Agassiz handled all specimens with the greatest care, and naturally had little patience with clumsiness; the following incident illustrates both his kindly spirit and his self-restraint. At one of the lectures he had handed down for inspection a very rare and costly fossil, from the coal-measures, I think; including the matrix, it had about the size and shape of the palm of the hand. He cautioned us not to drop it. When it had reached about the middle of the audience a crash was heard. The precious thing had been dropped by a new and somewhat uncouth assistant whom we will call Dr. X. He hastily gathered up the pieces and rushed out of the room. For a few seconds Agassiz stood as if himself petrified; then, without even an 'Excuse me,' he vanished by the same door. Presently he returned, flushed, gazing ruefully at the fragments in his hand, covered with mucilage or liquid glue. After a pause, during which those who knew him not awaited an explosive denunciation of gaucherie, Agassiz said quietly: 'In Natural History it is not enough to know how to study specimens; it is also necessary to know how to handle them'—and then proceeded with his lecture.

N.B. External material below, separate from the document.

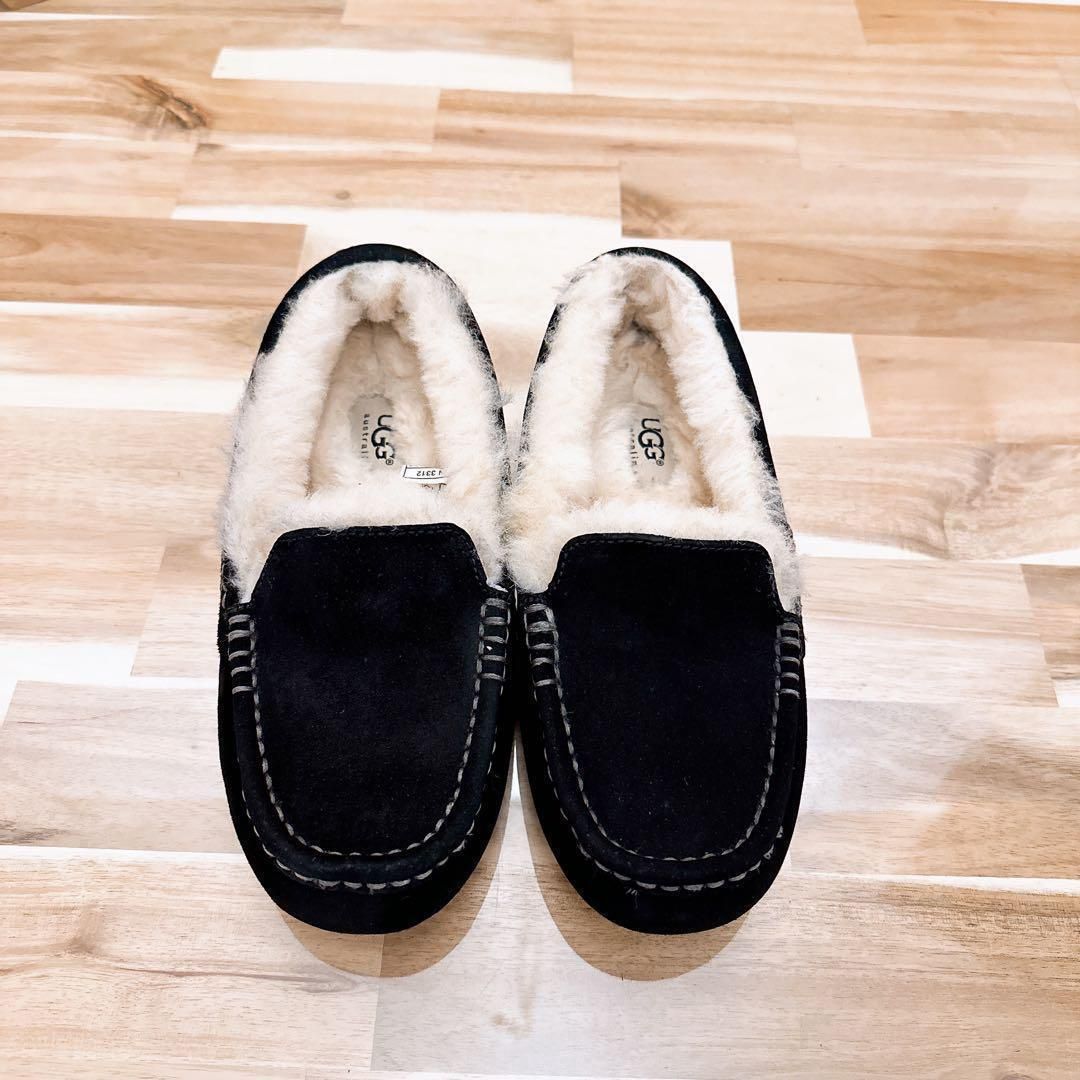 アグ UGG アンスレー 3312 モカシン 22 0 黒ブラック ベージュ ジャケット トレンド感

His helpful attitude toward prospective teachers was exhibited in the following incidents. After my appointment to Cornell University in October, 1867, he arranged for me to give a course of six 'University Lectures,' and warned me to prepare for them carefully, because he should give me a 'raking down.' He attended them all (at what interruption of his own work I realize better now), and discussed them and my methods very frankly with me. Omitting the commendations, the following comments may be useful to other professorial tyros: 1. The main question or thesis should be stated clearly and concisely at the outset, without compelling the hearer to perform all the mental operations that have led the speaker to his own standpoint. 2. In dealing with the history of a subject, the value of each successive contribution should be estimated in the light of the knowledge at the period, not of that at the present time.